● Task
The answer should be every line below, repeated exactly, with the images left out.

*** Material provided

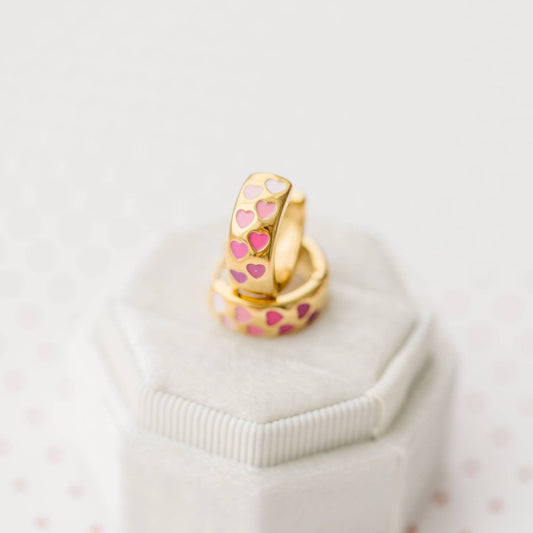 Chunky Pink Heart Ombré Huggies - Pierced Co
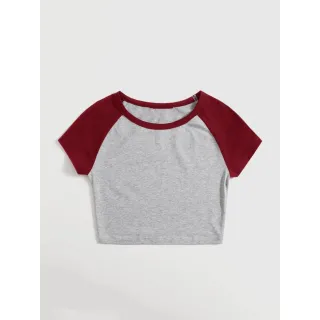 Moda Feminina Camiseta Raglan Cropeed Duas Cores - CINZA MESCLA / AZUL MARINHO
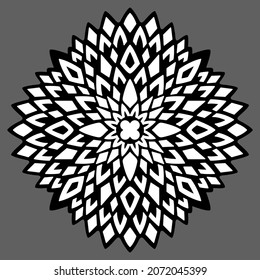 Beautiful monochrome vector illustration with abstract tribal black and white pattern isolated on the gray background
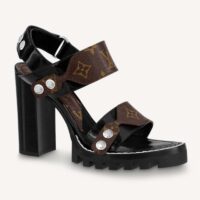 Louis Vuitton LV Women Star Trail Sandal Black Calf Leather Patent Monogram Canvas 9.5 cm Heel (3)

******

● Response to this task
 Chunky Pink Heart Ombré Huggies - Pierced Co
 Moda Feminina Camiseta Raglan Cropeed Duas Cores - CINZA MESCLA / AZUL MARINHO
 Beautiful monochrome vector illustration with abstract tribal black and white pattern isolated on the gray background
 Louis Vuitton LV Women Star Trail Sandal Black Calf Leather Patent Monogram Canvas 9.5 cm Heel (3)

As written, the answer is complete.